If you see the following message, then delete the synthetic monitor.
```
Cloud Function not found for this Synthetic monitor. Please confirm it exists or delete this monitor.
```
The error message indicates that the function was deleted and therefore the synthetic monitor is unable to execute the function.
Open the Cloud Functions page for the function. To open this page from the Synthetic monitor details page, click Code, and then click the function name.

If you see a message similar to the following, then the function failed to deploy.
```
This function has failed to deploy and will not work correctly. Please edit and redeploy
```
To resolve this failure, review the function code and correct the errors that are preventing the function from building or deploying.

When you create a synthetic monitor, it might take several minutes for the function to be deployed and executed.

Warning status

The Synthetic monitors lists a synthetic monitor with a status of Warning. A status of Warning means that the execution results are inconsistent. This might indicate a design issue with your test, or it might indicate that what is being tested has inconsistent behavior.

Failing status

The Synthetic monitors lists a synthetic monitor with a status of Failing. To get more information about the failure reason, view the most recent execution history.

If the error message Request failed with status code 429 is shown, then the target of the HTTP request rejected the command. To resolve this failure, you must change the target of your synthetic monitor.

The endpoint https://www.google.com rejects requests made by synthetic monitors.
If the failure is returning an execution time of 0ms, then the Cloud Function might be running out of memory. To resolve this failure, edit your Cloud Function, and then increase the memory to at least 2 GiB and set the CPU field to 1.

Delete fails for a synthetic monitor

You use the Cloud Monitoring API to delete a synthetic monitor, but the API call fails with a response similar to the following:

{
  "error": {
    "code": 400,
    "message": "Request contains an invalid argument.",
    "status": "INVALID_ARGUMENT",
    "details": [
      {
        "@type": "type.googleapis.com/google.rpc.DebugInfo",
        "detail": "[ORIGINAL ERROR] generic::invalid_argument: Cannot delete check 1228258045726183344. One or more alerting policies is using it.Delete the alerting policy with id projects/myproject/alertPolicies/16594654141392976482 and any other policies using this uptime check and try again."
      }
    ]
  }
}

To resolve the failure, delete alerting policies that monitor the results of the synthetic monitor, and then delete the synthetic monitor.

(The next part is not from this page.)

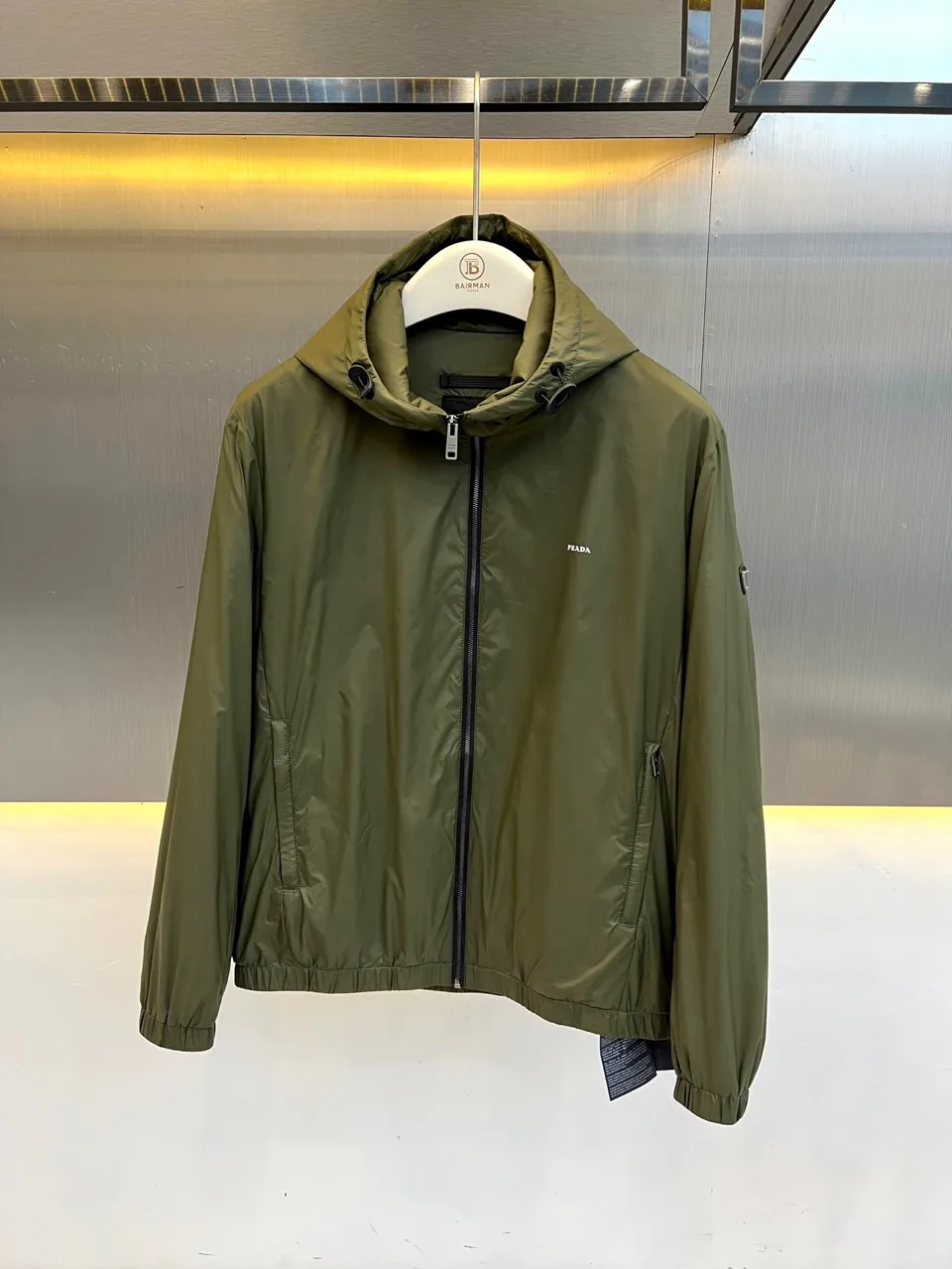 Куртки И Пуховики Женские Prada 18416757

Unable to edit the configuration of a broken-link checker

You created a broken-link checker by using the Google Cloud console, and you want to change the HTML elements that are tested, or you want to modify the URI timeout, retries, wait for selector, and per-link options. However, when you edit the broken-link checker, the Google Cloud console doesn't display the configuration fields.

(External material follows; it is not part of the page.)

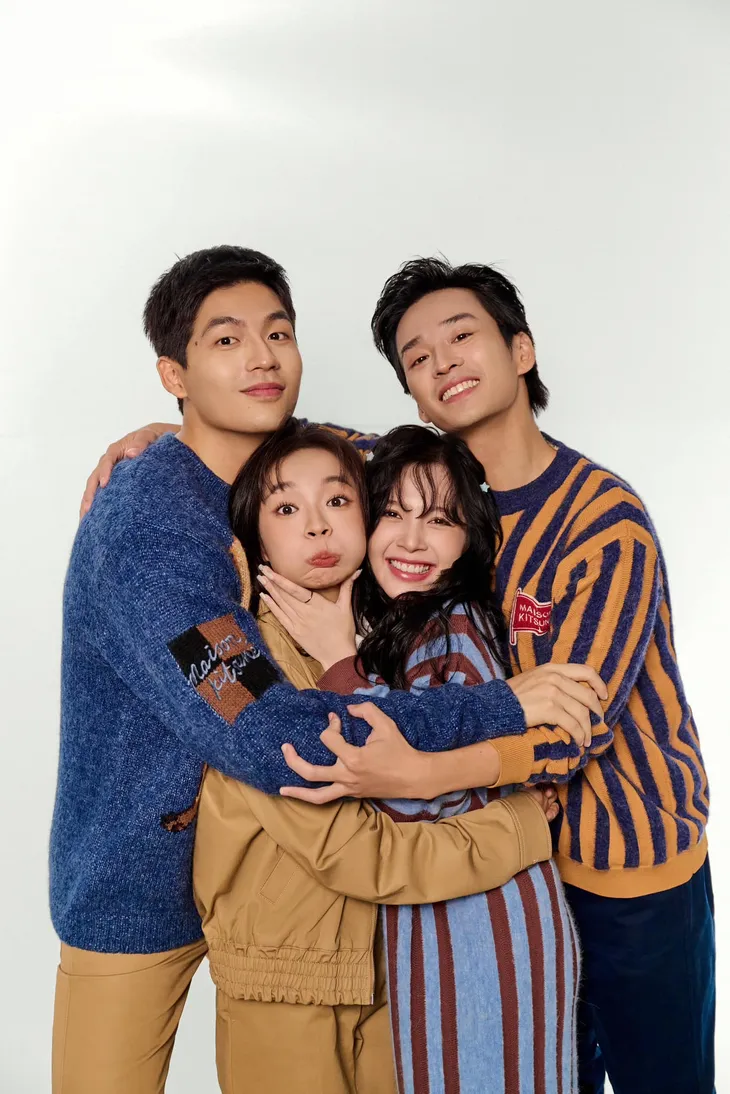 Bộ tứ Dương - Lâm - Nguyệt - Tùng Chúng ta của 8 năm sau tung ảnh thanh xuân rực rỡ - Ảnh 2. Bộ tứ Dương - Lâm - Nguyệt - Tùng Chúng ta của 8 năm sau tung ảnh thanh xuân rực rỡ - Ảnh 2.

To resolve this failure, do the following:

In the navigation panel of the Google Cloud console, select Monitoring, and then select Synthetic monitoring:
Go to Synthetic monitoring
Locate the synthetic monitor that you want to edit, click More options, and then select Edit.
Click Edit function.
Edit the options object in the index.js file, and then click Apply function.

For information about the fields and syntax for this object, see broken-links-ok/index.js.
Click Save.

Google Cloud console displays that saves of screenshots fail

You created a broken-link checker and configured it to save screenshots. However, the Google Cloud console is displaying one of the following warning messages along with more detailed information:

InvalidStorageLocation
StorageValidationError
BucketCreationError
ScreenshotFileUploadError

To resolve these failures, try the following:

If you see the InvalidStorageLocation message, then verify the existence of the Cloud Storage bucket specified in the field named options.screenshot_options.storage_location.
View the logs related to your Cloud Function. For more information, see Finding logs.
Verify that the service account being used in the corresponding Cloud Function has an Identity and Access Management role that lets it create, access, and write to Cloud Storage buckets.